(di Gioia Giudici) Non aveva mai
indossato prima le scarpette da danza, ma quando le hanno
proposto di interpretare Carla Fracci "la mia disponibilità è
stata immediata" dice Alessandra Mastronardi, che veste i panni
dell'etoile della Scala nel film 'Carla', in prima serata su Rai
1 il 5 dicembre. "Ogni scena che ho girato, ogni emozione che ho
vissuto, l'ho dedicata a lei: il mio grande rammarico è che non
sia riuscita a vedere il film, ma con la sua presenza mi ha
fatto un enorme regalo" dice l'attrice, che prima e durante le
riprese ha incontrato la grande ballerina, consulente del film
insieme al marito Beppe Menegatti. "Quando le ho chiesto quale
emozione voleva che trasmettessi con la mia interpretazione, -
ricorda oggi - mi ha risposto decisa: "La forza"". Ed è proprio
quella tenacia che traspare dal film "Carla", liberamente
ispirato a 'Passo dopo passo', l'autobiografia dell'etoile,
mancata lo scorso maggio. Larga parte della pellicola, diretta
da Emanuele Imbucci, è stata girata alla Scala, dove tutto è
nato, e che per la prima volta ha aperto le porte alle riprese
di un film. E' qui che la piccola Carla, accompagnata dal papà
tramviere, si fa riconoscere subito non solo per il suo talento
e la sua grazia, ma per quella disciplina e forza di volontà che
l'hanno portata a essere definita dal New York Times, nel 1981,
la 'prima ballerina assoluta'. Un altro elemento su cui punta il
film - passato anche al cinema lo scorso novembre - è l'assoluta
modernità della Fracci. Lei, che era una delle danzatrici più
famose al mondo, fece quella che per l'epoca nell'ambiente del
balletto era una scelta rivoluzionaria: diventare madre. Nel
1969 nacque il figlio Francesco e un anno dopo Rudolf Nureyev -
nel film interpretato da Leo Dussollier - la riportò sul palco
della Scala per lo Schiaccianoci, di cui dovette imparare la
coreografia in cinque giorni. "Non abbiamo fatto un 'santino' -
sottolinea l'attrice napoletana - ma abbiamo voluto sottolineare
la sua modernità nel rompere gli schemi, a quel tempo la
maternità per una ballerina era un tabù e lei, anche in questo,
è stata una pioniera del rispetto dell'essere donna". Dietro
quella grazia e quella leggerezza, c'era un carattere forgiato
dalla disciplina: "siamo abituati a vederla danzare sorridente
sul palco, ma non abbiamo mai visto - racconta ancora l'attrice
- le lacrime, le cadute, i piedi feriti, che noi abbiamo voluto
mostrare per far capire quanto debbano tirare i tendini per
diventare così leggeri sul palco". Tra tanti ricordi, la 35enne
attrice - che ha avuto come controfigura Susanna Salvi, prima
ballerina dell'opera di Roma - ne sceglie uno su tutti: "mentre
ballavo sul palco lei era dietro le quinte, il contrario di ciò
che era sempre stato.

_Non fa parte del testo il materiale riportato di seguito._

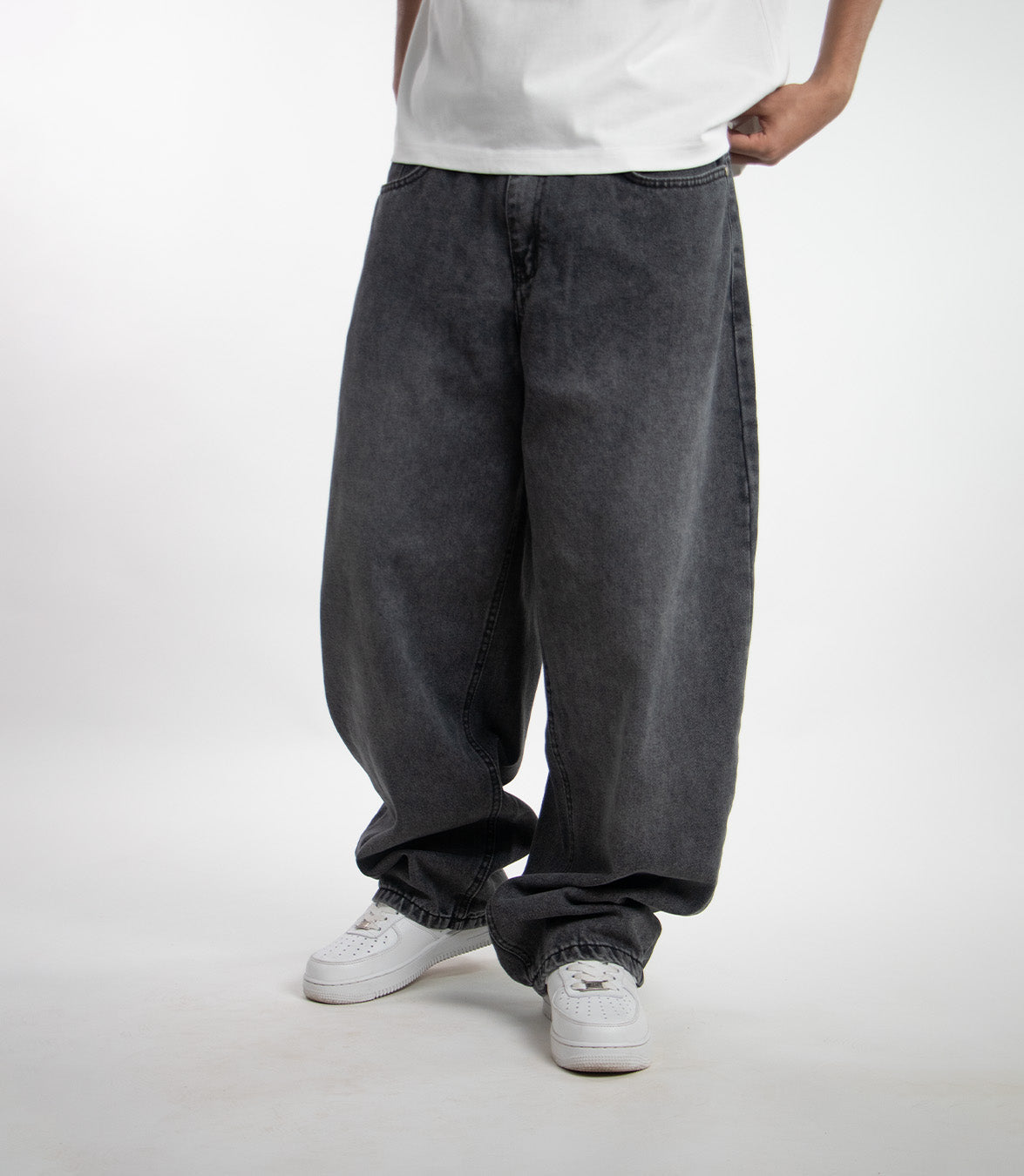 Essential Wide Denim - Acid Gray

Poi tra un ciak e un altro lei, che non
era mai salita sul palco della Scala senza danzare, iniziò a
fare esercizi alla sbarra su un carrello degli attrezzisti". Per
quanto riguarda la preparazione fisica per entrare nella parte
"è stata un piccolo miracolo: abbiamo affrontato la prima parte
in lockdown, con la coreografa che via zoom mi ha insegnato a
camminare e stare diritta come una ballerina, peccato che, in
mancanza di una sbarra, mi sia dovuta arrangiare - scherza
Alessandra - con il mio ferro da stiro".